Опубликовано в журнале Дружба Народов, номер 11, 2017
Лет
в пять мне по ночам виделась одна и та же картина — настолько ясная, что,
проснувшись, я не сразу понимал, на какой стороне бытия нахожусь.
Сквозь
зеленую муть крапивы, бузины, борщевика несется человек на мотоцикле. На сердце
у него тревожно. Он останавливается, кричит: «Костылин,
где ты?» Вместо ответа доносится лай — хозяин спустил с цепи подлую собаку Уляшин и сам бежит следом. Человек вновь зовет Костылина, но его не слышно, а лай все ближе. Жилин — это у
него тревожно на сердце — говорит «эх», мотоцикл под ним взрывается ревом и
дымом. Жилин выскакивает на открытое пространство — на нашу дорогу, ведущую к
пруду. По ней несется мотоциклист — и это, несомненно, спасшийся от погони Костылин. Жилин дает газу, и вместе они исчезают в
ниспадающем ландшафте, увенчанном на линии горизонта белыми коровниками села
Румянцева.
«Кавказского
пленника» — самое раннее и сильное впечатление от литературы — сам я в ту пору
не читал. Его читали мне, на печи, по нескольку раз подряд — я требовал этого,
как пьяница требует ставить одну и ту же пластинку. Ни
жалость, ни мораль, ни слог никоим образом не касались меня — только сладость
бегства, погони, которая оборачивалась захватывающим сном. В том, что сон все
осовременивал, был особый смысл: ключевые сюжеты должны происходить здесь и
сейчас. Библейских героев Европа обряжала в одежды своего времени и местности,
Боттичелли изобразил в «Поклонении волхвов» все флорентийское начальство, своих
друзей, себя, и, конечно же, не только он один так делал. Потому что ключевые
сюжеты должны происходить не только здесь и сейчас, но и с тобой. И мне
казалось, я был кем-то из них, Жилиным или Костылиным.

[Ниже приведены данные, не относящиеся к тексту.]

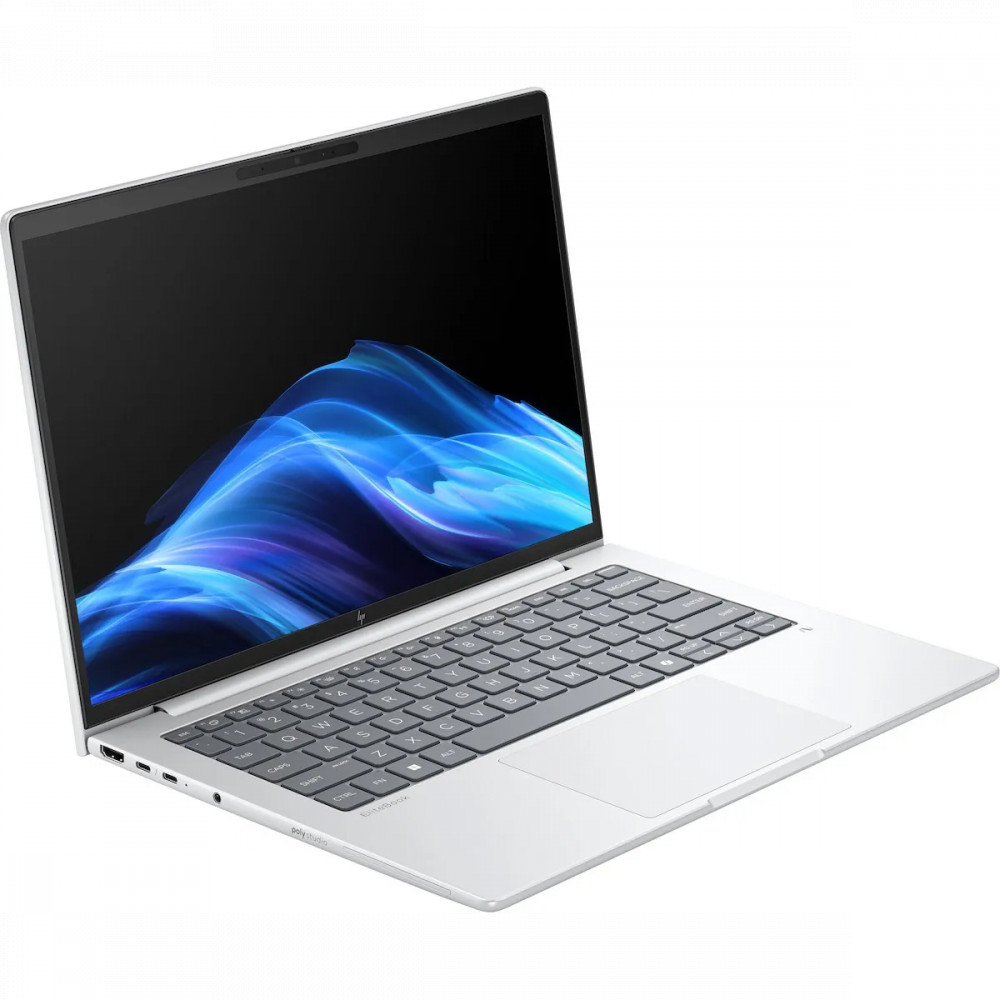 Ноутбук HP EliteBook 8 G1i 14 AD4U5ET 14 ", WUXGA 1920x1200 (16:10), Intel, Core Ultra 5, 24 Гб, 512 ГБ, Intel Graphics, Windows 11 Pro — фото товара
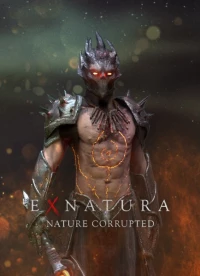 Ilustracja produktu Ex Natura: Nature Corrupted (PC) (klucz STEAM)
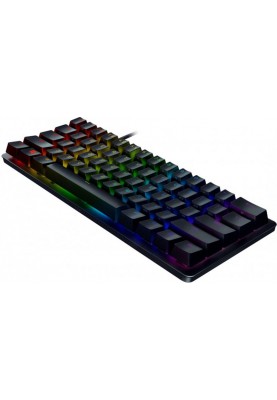 Клавіатура Razer Huntsman Mini Purple Switch Black (RZ03-03391500-R3R1)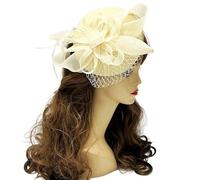 Elegante fermaglio per capelli a nastro con perla accessori per capelli fatti a mano per donne copricapo con perle ruggenti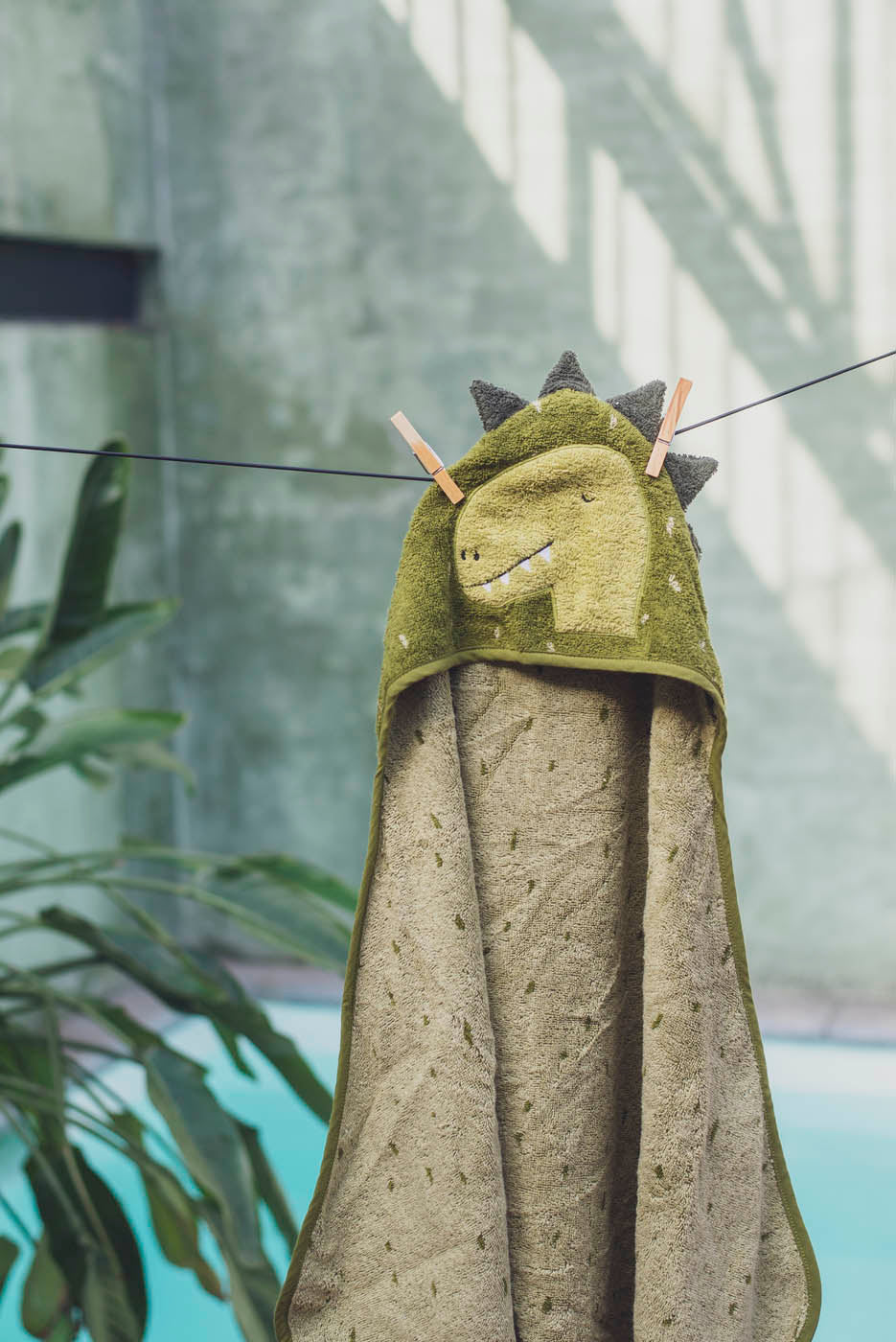 Trixie Kaputzenhandtuch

Лет через пятнадцать после тех чтений я совершил побег из неволи, историю
которого опускаю, признаюсь только — тот сон был правдой: это неизъяснимое
наслаждение, пусть даже продлилось оно лишь несколько часов…
До сих пор истории побегов мне интересны, будь то «Граф Монтекристо»,
«Последний бой майора Пугачева», фильм про тюрьму Шоушенк
или «Ушаночка» Ивана Кучина.
Так
или иначе, первое мое чтение я воспринимал не как литературу, а как руководство
к действию. После «Робинзона Крузо» я захотел жить на дереве. В нашем дворе рос
гигантских размеров тополь, посаженный моим прадедом, там я решил построить
сначала рабочее место — прибить к подходяще расположенным ветвям по доске,
которые станут столом и стулом, потом можно будет подумать о полноценном жилье
с крышей. Я забирался на ветви и примеривался.
Робинзон
и тополь, как я теперь понимаю, имели единственную связь — быть отдельно от
всех, не как все, совсем один. Множество раз я обдумывал, как буду
перетаскивать с земли вещи в мой надземный дом, как Робинзон перетаскивал их с
погибшего корабля… Но идея оказалась технологически
сложной (и опасной — мне запретили лазить на дерево), причем настолько, что в
попытках приступить к ее воплощению я повзрослел и сам над ней посмеялся. Лет
пять назад мне попалось недавнее издание романа Дефо, заглянув в которое я
ужаснулся — разве это та самая книга, которую я читал восьми-девятилетним? Он ведь там, оказывается, только
молился, сокрушался о том, что неправильно вел себя на большой земле и получил
наказание от Бога. Как я пропустил это? Может, и в самом деле тогда было что-то
переписанное — специально для меня, советского мальчика?
Однажды
мое понимание литературы обернулось личной катастрофой. Я дружил с девочкой
Клавой. Ее отец, обладатель огромной (по нашим меркам) библиотеки, дал мне
«Малыша и Карлсона». Там был эпизод, в котором Малышу
приносят два великолепных персика, он спешит поделиться с другом, а «мужчина
хоть куда» путем хитрой манипуляции сжирает оба
фрукта. И в конце концов все ему прощается, потому что
злиться на него невозможно. Нам с Клавой тоже принесли два таких же
великолепных персика из Ташкента — ее отец был летчиком, он мог доставать
подобные чудеса — и я в точности повторил то, что сделал Карлсон.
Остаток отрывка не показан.